Map base layers were obtained from <http://www.naturalearthdata.com/about/terms-of-use/> covered by a Creative Commons Attribution 4.0 International (CCBY) License (https://creativecommons.org/licenses/by/4.0/legalcode). Map base layers were modified in QGIS software version 2.18.

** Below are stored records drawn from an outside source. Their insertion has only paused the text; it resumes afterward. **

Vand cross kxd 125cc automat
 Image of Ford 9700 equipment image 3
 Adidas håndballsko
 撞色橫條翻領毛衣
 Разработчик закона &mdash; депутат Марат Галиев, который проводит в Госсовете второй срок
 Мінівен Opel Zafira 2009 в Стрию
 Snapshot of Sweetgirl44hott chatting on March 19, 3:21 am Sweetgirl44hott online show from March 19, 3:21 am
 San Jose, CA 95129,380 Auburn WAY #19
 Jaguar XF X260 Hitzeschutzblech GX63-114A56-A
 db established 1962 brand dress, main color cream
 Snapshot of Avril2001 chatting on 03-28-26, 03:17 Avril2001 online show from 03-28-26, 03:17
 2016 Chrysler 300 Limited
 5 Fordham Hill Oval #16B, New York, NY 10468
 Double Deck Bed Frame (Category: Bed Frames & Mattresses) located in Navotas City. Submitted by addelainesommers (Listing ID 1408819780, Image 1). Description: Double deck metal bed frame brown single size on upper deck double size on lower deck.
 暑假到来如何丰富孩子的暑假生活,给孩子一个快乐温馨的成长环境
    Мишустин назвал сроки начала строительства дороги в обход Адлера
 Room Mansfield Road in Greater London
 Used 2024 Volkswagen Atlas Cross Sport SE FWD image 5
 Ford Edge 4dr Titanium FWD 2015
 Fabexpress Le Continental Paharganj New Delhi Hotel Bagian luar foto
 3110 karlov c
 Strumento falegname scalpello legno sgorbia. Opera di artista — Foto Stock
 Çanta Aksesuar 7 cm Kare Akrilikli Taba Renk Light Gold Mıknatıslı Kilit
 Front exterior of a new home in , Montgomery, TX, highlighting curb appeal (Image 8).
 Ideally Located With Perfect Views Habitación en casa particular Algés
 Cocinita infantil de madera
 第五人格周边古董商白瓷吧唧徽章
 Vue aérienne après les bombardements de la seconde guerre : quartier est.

https://doi.org/10.1371/journal.pone.0247894.g003

The spatial-temporal scan statistics identified 22 spatial-temporal clusters with high risk of transmission of TB in Brazil, involving 561 municipalities, a number of municipalities smaller than that observed in Moran’s statistics (787 vs 561; 71.28%). Fifteen spatial-temporal clusters were located in the Northeast and Southeast Regions, with six in the state of São Paulo. Clusters 9, 11, and 7, located in São Paulo, showed the highest relative risks (RR 6.49; RR 4.70, and RR 3.76, respectively). Cluster 8 concentrated the highest the highest number of locations, namely, 162 municipalities in the states of São Paulo, Santa Catarina, and Paraná, with an incidence rate of 55.6 per 100,000 and RR 1.21. In the Northeast, cluster 10 stood out, with 117 municipalities in the states of Maranhão and Piauí, with an incidence rate of 60.3 per 100,000 and RR 1.31 (Table 2 and Fig 4).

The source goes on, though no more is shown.